I didn’t begin in design.
I began in the beauty industry, where I owned and designed my own salon. It was there I first noticed something subtle but undeniable: the way a space could change how someone felt in their body. Clients would arrive guarded or tired and leave softened—more confident, more present, more themselves.
It wasn’t just the treatments.
It was the room.
The light.
The way the space held them.
Years later, as I moved into yoga and meditation, that awareness deepened. I learned alignment not only in the body, but in the breath, in stillness, in what happens when we stop forcing and start listening. Movement taught me how energy behaves. Stillness taught me how to hear it.
That listening followed me into an unexpected chapter—joining my husband’s 106-year-old family lumber business. There, I helped create Eastman Cartwright Home, a design division within a working lumberyard. It was a return to the bones of the home: materials, structure, craftsmanship. Wood that had lived a long life before becoming part of a space.

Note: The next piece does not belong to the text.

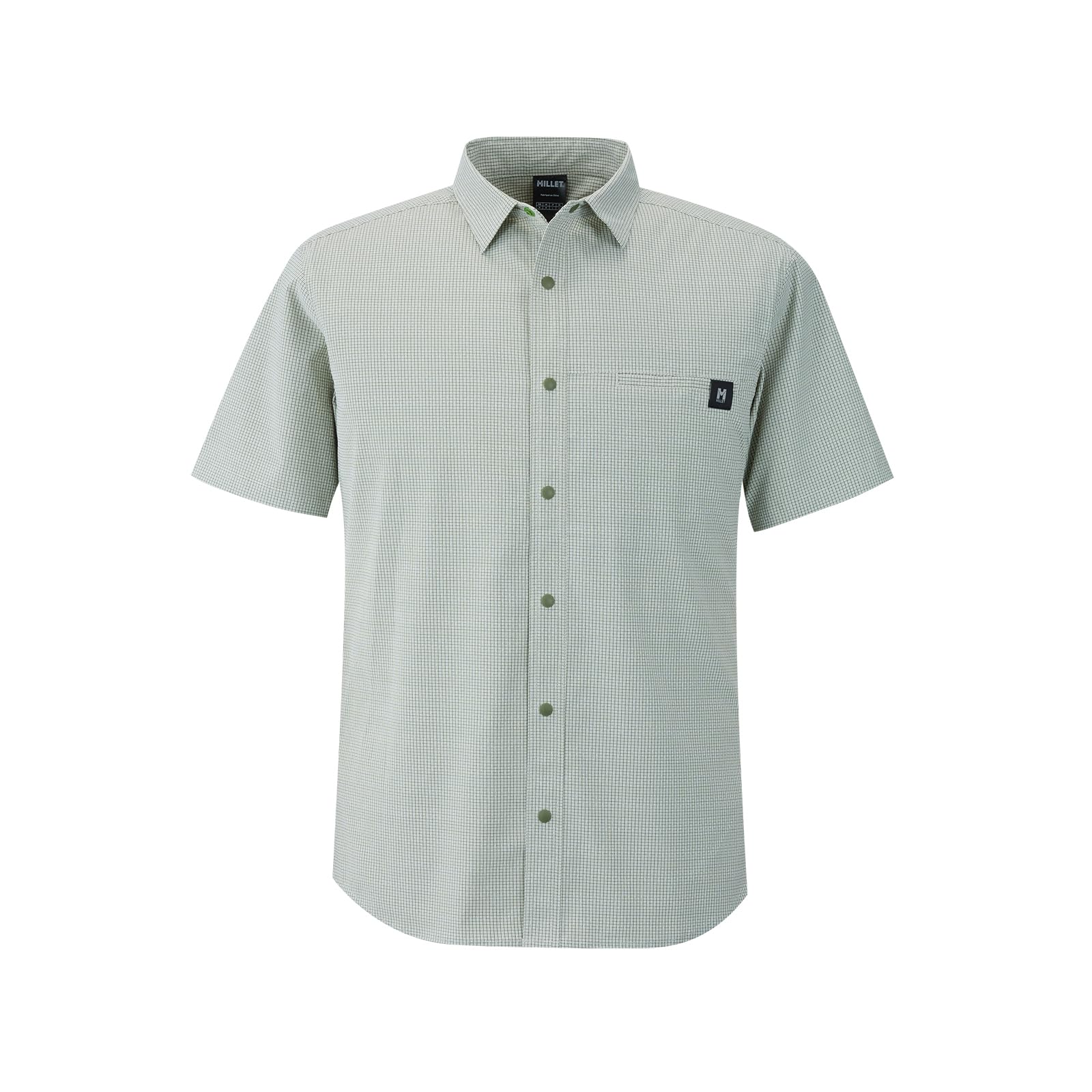 Millet Mountaineering Insect Barrier Check Short Fern S Shirt, Shirt, Sleeve, MIV03195, Men s, (NEW LOGO),
Millet Mountaineering Insect Barrier Check Short Fern S Shirt, Shirt, Sleeve, MIV03195, Men s, (NEW LOGO),
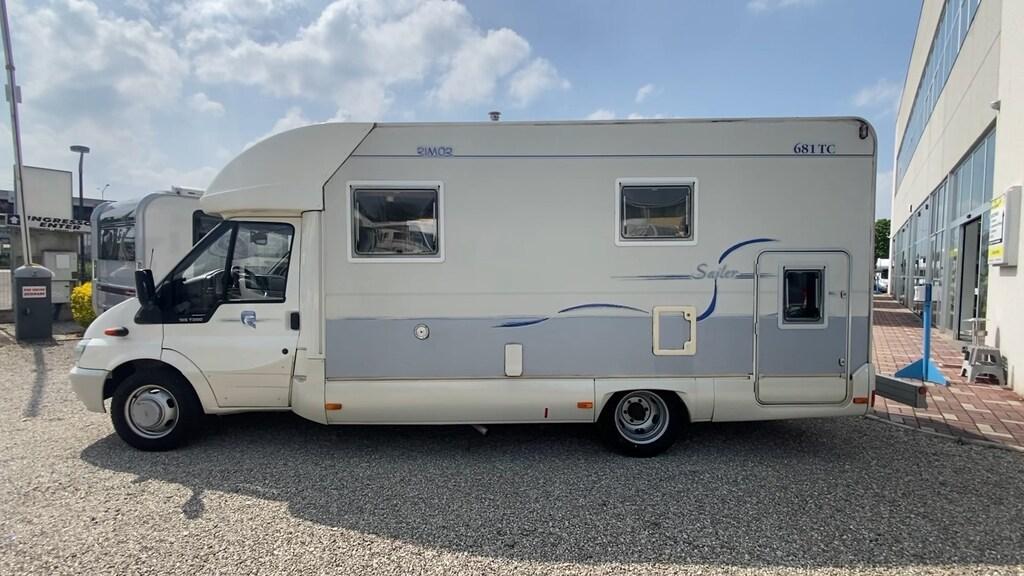 Sailer 681 TC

It reminded me that architecture isn’t just visual.
It’s historical.
Energetic.
Relational.
A home carries memory—whether we acknowledge it or not.
As I evolved, Feng Shui found me. Or perhaps I finally found the language for something I had always known. It revealed that the home is not separate from the self. That our spaces mirror our stories. That alignment—when done with intention—doesn’t just look beautiful. It heals.
In 2024, that understanding became deeply personal.
I found an 1888 miner’s cottage in Galena, Illinois and began a slow, intentional restoration. I didn’t approach it as a project. I approached it as a conversation.
I didn’t just renovate that home.
I listened to it.
Each decision—every brushstroke, every object chosen—became a dialogue between beauty and energy, past and present. What wanted to stay. What was ready to soften. What needed to be honored before it could change.
That cottage became a quiet teacher.
It showed me that good design doesn’t impose.
It responds.
That spaces—like people—open when they feel respected.
Today, this is how I work with every client.
Intuitively.
Slowly.
With reverence.
I don’t believe in forcing a home into an idea. I believe in listening for what it’s asking for—and aligning the space so it can support the life unfolding within it.
This work is not about trends.
It’s about trust.
About creating environments that feel steady, warm, and deeply inhabitable.
A home is not something you decorate.
It’s something you enter into relationship with.
And when that relationship is aligned, the effects are felt far beyond the walls.